June is “Girls Just Wanna have Fun” month. Saffina Desforges opens the show.

Saffina who?

Eight months ago nobody but a handful of people had ever heard of Saffina Desforges.

Mainly because she didn’t exist. It was a pseudonym created to avoid the confusion of having two names on the cover of our books and arguing over who got top billing, and to play the google game and get some sort of foothold in the biggest search engine of all time.

Today Saffina Desforges is the brand name of the biggest success story in British indie e-publishing.

True, Stephen Leather’s self-published The Basement, has sold more.

But Stephen is a multi-million selling trad-published author with twenty years of experience, who brought tens of thousands of loyal followers with him.

Self-published success, yes. Indie, no.

Saffina Desforges was a completely unknown name and a debut novel. What’s more, a debut novel almost every major agent in the UK turned away.

And three months after we launched the book it seemed like maybe they had a point. Sales were almost non-existent.

Kristen Lamb

The book was out there, but who knew? So we tried some savvy social media marketing. In particular Saffi picked up a copy of Kristen Lamb‘s We Are Not Alone and gave it a whirl. What did we have to lose?

Four months on and the book the UK agents called “The last taboo”, “well written but unpublishable”, and “there’s no market for a story like this” is about to breach the 75,000 sales barrier. And that’s just with the tiny Kindle UK market. As yet there’s no paper version in the book stores, not even POD, and we’ve yet to seriously start marketing across the pond.

A week or so back we were cold-called by an agent. Not just any old agent. An agent on a different continent. In fact, one of the most prestigious agencies in New York.

Nothing signed yet, and to be honest we’re not sure we want to go down the paper route, with its snails’ pace processes and the loss of independence that is the unavoidable compromise a writer makes when signing with a mainstream publisher. We’ll keep you informed on that as we go.

But being UK-based, to even approach a US agent six months ago was for us unthinkable. To be head-hunted by one of this prestige is still, a week or so later, pretty unbelievable.

Obviously the book itself  has something going for it. But while no-one knew it was out there no-one was buying it.

So a huge thanks to Kristen Lamb for helping us raise our profile enough to be found.
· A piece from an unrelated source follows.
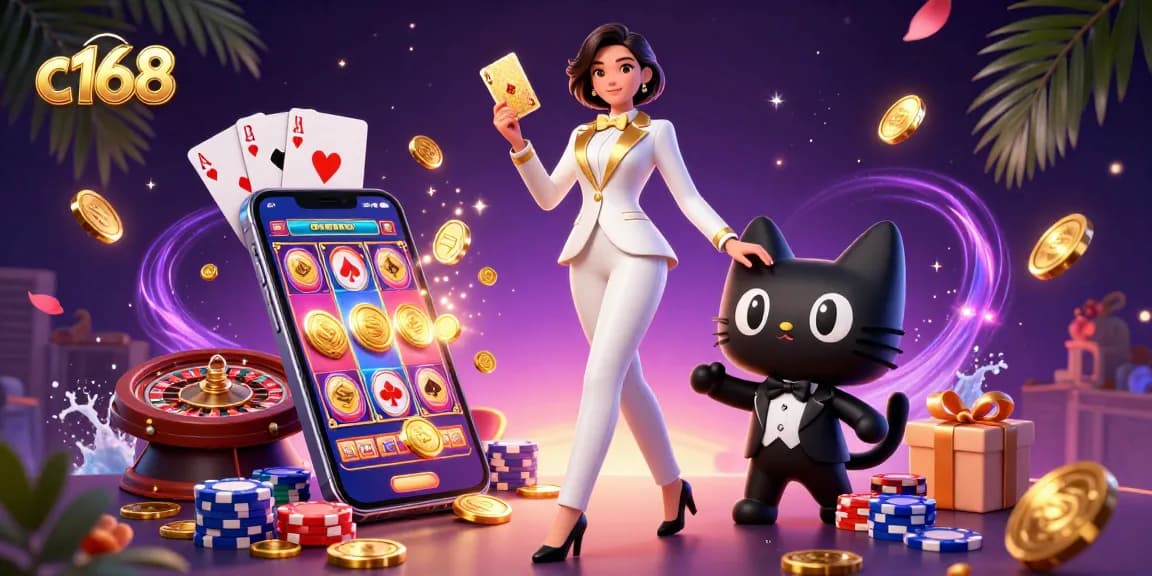 Experience thrilling gameplay with c168, featuring a glamorous dealer shuffling cards amid slot games and poker elements.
I had hoped Kristen would be joining us in person on MWi, and with luck she may still yet do so before the month is out, but she’s hugely busy with promo for her latest book, just launched last month.

So Kristen, if you’re reading this, a big thank you from Saffi and I, and from all our readers who would never have found Saffina Desforges without you.

~

So, it’s time to kick off Girls Just Wanna Have Fun month.

Who's First?

But choosing the running order was not to easy. In fact, a complete nightmare!

How to do it? Alphabetical? Highest profile? Biggest sales? Prettiest face? Biggest back-hander?

Of course I went for the latter. Ker-ching!

But despite my best-efforts, no-one was willing to cough up. Gone are the days when publishers bought their writers publicity

Actually, no, that’s still true today. It’s just that my guests aren’t (yet) mega-stars with unlimited promo budgets from the Big 6 behind them. Either that or they didn’t think MWi was worth the half-million dollar price tag I asked for.

But eventually I managed to convince / bribe / blackmail a few people to give up some of their precious time to write something for the MWi Girls Just Wanna Have Fun blogfest.

But that still left the problem of running order. In the end I decided to ignore all other considerations and play it day by day. Or day by every other day, as the posts will (West Africa’s internet and electricity permitting) be running every other day.

So, while I have some huge names in blogging, books and all aspects of the writing industry, the running order is absolutely no reflection of the esteem in which I hold the guests concerned. Honest!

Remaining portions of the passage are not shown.